I'm almost certain that it's not my technique. One of the reasons being that I've never had this issue on any other guitar I've used and the second being that the buzzing only occurs on the B string, regardless of the chord I play, even with something as simple as an A chord. Today, I was trying to play a song with the capo on the 6th fret, and I did notice that the B string would buzz occasionally if I just fretted a note on that string, without playing any chords. To me, it sounds like the buzzing is coming from the bridge, rather than due to the string touching one of the frets that it shouldn't. Could it be that the hole for the bridge pin has become a tad too loose, causing the string to vibrate?
I've added a video to demonstrate. It's the best recording but it's kinda hard to record when both hands are in use: https://www.dropbox.com/s/gzx062m3xhmhueg/VID_20150810_192850.mp4?dl=0 

@ed2000 I can certainly try that but is there a more permanent solution if the string is indeed loose at the bridge? Any idea what a guitar tech might do and how much that might cost? 

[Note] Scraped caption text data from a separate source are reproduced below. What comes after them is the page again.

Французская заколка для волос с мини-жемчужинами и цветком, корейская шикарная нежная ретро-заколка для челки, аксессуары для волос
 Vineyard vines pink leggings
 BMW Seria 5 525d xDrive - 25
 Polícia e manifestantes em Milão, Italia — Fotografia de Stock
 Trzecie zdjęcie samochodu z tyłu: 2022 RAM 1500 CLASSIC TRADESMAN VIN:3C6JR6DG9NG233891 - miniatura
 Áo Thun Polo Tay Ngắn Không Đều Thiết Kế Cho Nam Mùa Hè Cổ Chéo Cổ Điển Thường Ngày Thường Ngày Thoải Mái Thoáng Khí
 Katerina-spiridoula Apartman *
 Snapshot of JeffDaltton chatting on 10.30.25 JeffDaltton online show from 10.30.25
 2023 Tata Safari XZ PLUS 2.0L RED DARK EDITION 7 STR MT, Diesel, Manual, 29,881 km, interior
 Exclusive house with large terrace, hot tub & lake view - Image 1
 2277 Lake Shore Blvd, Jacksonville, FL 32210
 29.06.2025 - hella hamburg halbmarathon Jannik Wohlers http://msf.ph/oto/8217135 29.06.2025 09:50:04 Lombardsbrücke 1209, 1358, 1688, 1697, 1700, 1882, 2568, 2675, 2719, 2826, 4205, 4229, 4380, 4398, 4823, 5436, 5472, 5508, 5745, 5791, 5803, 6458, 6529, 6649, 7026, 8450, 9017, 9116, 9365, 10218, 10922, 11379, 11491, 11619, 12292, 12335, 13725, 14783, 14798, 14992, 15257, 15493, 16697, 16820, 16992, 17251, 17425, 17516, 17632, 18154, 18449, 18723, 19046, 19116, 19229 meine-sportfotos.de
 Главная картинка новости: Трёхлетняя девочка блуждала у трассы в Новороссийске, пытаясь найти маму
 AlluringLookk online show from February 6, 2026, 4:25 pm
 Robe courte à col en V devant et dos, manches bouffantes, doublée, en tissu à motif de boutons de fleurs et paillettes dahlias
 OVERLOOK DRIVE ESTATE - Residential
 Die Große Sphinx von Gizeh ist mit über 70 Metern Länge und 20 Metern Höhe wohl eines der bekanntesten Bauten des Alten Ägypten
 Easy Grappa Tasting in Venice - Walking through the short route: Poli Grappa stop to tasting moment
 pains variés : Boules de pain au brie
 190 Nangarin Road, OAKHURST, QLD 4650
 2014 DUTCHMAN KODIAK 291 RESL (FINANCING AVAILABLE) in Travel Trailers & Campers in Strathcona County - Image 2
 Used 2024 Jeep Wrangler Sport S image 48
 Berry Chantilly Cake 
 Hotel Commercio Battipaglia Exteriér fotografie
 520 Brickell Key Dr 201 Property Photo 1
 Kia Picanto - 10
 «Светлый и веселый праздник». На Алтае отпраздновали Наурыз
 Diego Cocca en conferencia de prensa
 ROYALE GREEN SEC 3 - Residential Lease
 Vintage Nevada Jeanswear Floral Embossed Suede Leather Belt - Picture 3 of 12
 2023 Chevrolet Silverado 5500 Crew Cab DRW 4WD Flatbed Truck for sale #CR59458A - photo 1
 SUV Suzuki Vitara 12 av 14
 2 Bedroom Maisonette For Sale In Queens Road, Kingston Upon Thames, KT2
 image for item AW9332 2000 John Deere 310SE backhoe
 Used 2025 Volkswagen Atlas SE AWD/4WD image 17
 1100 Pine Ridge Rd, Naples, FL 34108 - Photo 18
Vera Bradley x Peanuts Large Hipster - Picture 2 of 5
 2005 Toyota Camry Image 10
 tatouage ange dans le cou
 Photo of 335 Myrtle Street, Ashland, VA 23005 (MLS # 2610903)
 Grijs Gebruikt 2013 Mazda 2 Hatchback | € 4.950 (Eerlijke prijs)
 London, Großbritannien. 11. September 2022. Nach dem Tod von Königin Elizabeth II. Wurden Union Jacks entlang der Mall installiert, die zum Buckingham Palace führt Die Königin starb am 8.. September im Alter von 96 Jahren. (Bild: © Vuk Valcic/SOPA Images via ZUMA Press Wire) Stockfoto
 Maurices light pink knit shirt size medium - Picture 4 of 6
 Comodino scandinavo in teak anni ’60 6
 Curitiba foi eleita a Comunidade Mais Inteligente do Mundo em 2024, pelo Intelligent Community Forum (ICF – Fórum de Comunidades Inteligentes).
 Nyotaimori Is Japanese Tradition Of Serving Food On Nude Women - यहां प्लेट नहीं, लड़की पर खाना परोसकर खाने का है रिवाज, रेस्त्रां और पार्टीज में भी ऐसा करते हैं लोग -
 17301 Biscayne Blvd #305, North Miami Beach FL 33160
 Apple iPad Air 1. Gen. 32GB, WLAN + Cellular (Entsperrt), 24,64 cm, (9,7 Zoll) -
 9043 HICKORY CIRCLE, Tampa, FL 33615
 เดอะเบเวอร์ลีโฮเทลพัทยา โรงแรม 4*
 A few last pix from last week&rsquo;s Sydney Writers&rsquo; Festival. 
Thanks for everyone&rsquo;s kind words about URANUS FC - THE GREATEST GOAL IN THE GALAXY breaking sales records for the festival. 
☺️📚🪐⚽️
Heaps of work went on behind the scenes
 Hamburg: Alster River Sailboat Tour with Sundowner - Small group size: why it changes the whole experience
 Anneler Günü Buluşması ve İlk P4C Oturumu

I tried playing all the B notes on all strings and frets, but the issue still only arises on the 2nd string specifically.


----------



## ed2000 (Feb 16, 2007)

Fret the B on the first fret and notice the string to fret gap on the 2nd. Repeat all the way up the neck. What you're looking for is an approximate identical gap at the next higher fret. If the gap is tight, there may be a high fret. You can also press down on the first fret and the 12th or 14th and use the string as a straight edge and inspect the neck relief. There should be a slight gap around the 7th.
If the bridge slot is too large one solution is to mix baking powder and 'Crazy Glue' and apply a small drop to the string slot if there is one. Also the string past the bridge should have an angle downwards towards the string hole. The bridge should have a sharp ridge - not flat topped.
To check string to fingerboard gap and bridge radius take a metric ruler and measure at the 12th the distance from the fret top to the top of the string - as you measure from 1st to 6th the numbers should increase(besides the strings increasing in thickness).
Your problem could be:1) a high fret 2) a flat bridge section 3) a low bridge section, 4) fret board bump around the 14th 5) not enough relief 6)tuned too low

ps. I don't know if those fingers in the vid are of your fretting hand but those nails can present a challenge in fretting cleanly.


----------



## caperrob (Mar 30, 2015)

A long time ago, I had a Yamaha classical guitar and it started to buzz. It drove me nuts. So much so, I got madder and madder when I tried to play it. So one day in a drunken stupor, I broke the guitar.....only to see inside that what was causing the buzz was actually a loose nut where the bridge was bolted to the top. Yeah...I know...you can't fix stupid.


----------



## greco (Jul 15, 2007)

caperrob said:


> A long time ago, I had a Yamaha classical guitar and it started to buzz. It drove me nuts. So much so, I got madder and madder when I tried to play it. So one day in a drunken stupor, I broke the guitar.....only to see inside that what was causing the buzz was actually a loose nut where the bridge was bolted to the top. Yeah...I know...you can't fix stupid.


Ouch!.........


----------



## ed2000 (Feb 16, 2007)

caperrob said:


> A long time ago, I had a Yamaha classical guitar and it started to buzz. It drove me nuts. So much so, I got madder and madder when I tried to play it. So one day in a drunken stupor, I broke the guitar.....only to see inside that what was causing the buzz was actually a loose nut where the bridge was bolted to the top. Yeah...I know...you can't fix stupid.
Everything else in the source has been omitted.